Annie B. Jennings used the wealth she had inherited to benefit the town of Fairfield. Jennings spent her early years in San Francisco, where her father had gone to make his fortune during the gold rush. The family returned to Fairfield in the 1860s, and soon became extraordinarily wealthy through an investment in the Rockfellers’ Standard Oil Company. They were able to live a life of leisure, divided between elaborate townhouses on New York’s Upper East Side and estates in Fairfield.

Jennings was instrumental in establishing and supporting a number of important community institutions, including the Fairfield Historical Society (now the Fairfield Museum) and the Fairfield Public Library. She donated land for the town’s first high school, as well as for the Birdcraft Sanctuary and the American Legion. She opened up the extensive gardens at her Fairfield estate (known as Sunnieholme) to the public, and she left the land now known as Jennings Beach to the town. She was organizing the town’s 300th anniversary celebration when she died. Her philanthropy as well as her social influence in town earned her the title “First Lady of Fairfield.”

Jennings was dedicated to preserving colonial and Revolutionary-era history, and was involved in the Mount Vernon Ladies Association, as well as in the local chapter of the Daughters of the American Revolution. In addition to her contributions to the Fairfield Historical Society, she collected items related to her distant ancestor Aaron Burr.

Although she had been opposed to woman suffrage, she was accustomed to having a voice in town affairs and politics, and exerted influence within the Republican Party. She was active in efforts to repeal Prohibition during the 1930s, and served as a delegate to the convention ratifying its repeal.  

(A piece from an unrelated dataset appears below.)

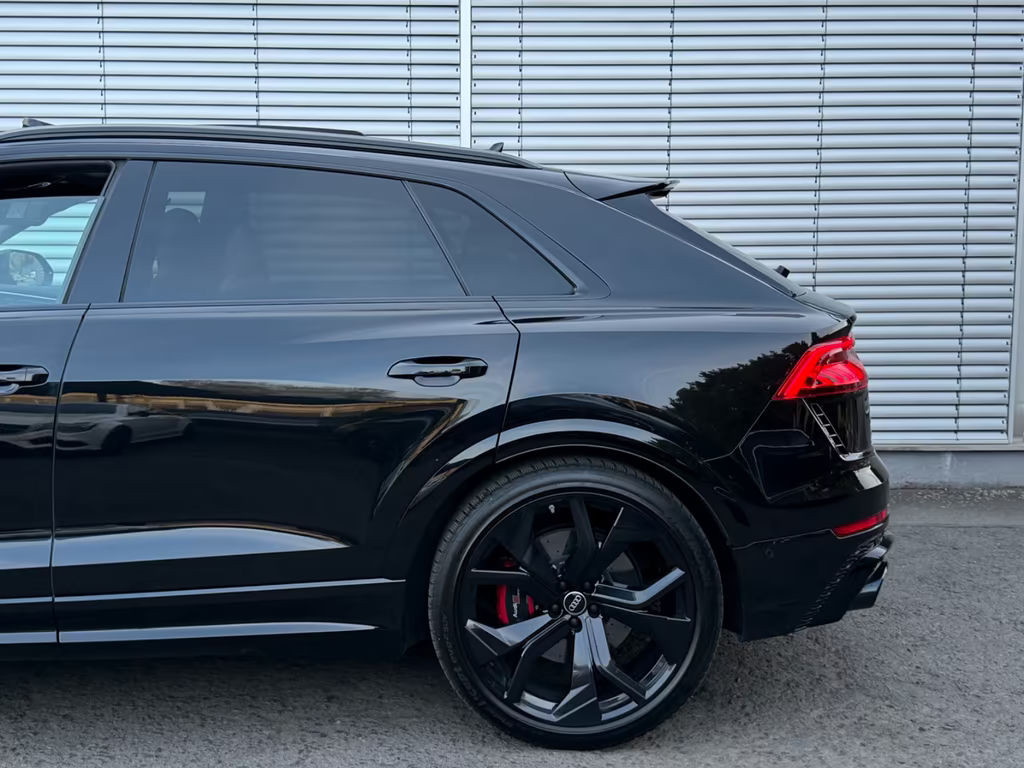 Audi RS Q8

She did not attend college herself, but had a deep loyalty to Yale University. When she organized special parties to attend Yale football games and boat races, Sunnieholme would be decorated with Yale banners and goalposts. Before departing on a private railroad car to watch the race, lunch guests were entertained by a parrot trained to say “boola boola!” and offered ice cream shaped in a bulldog mold.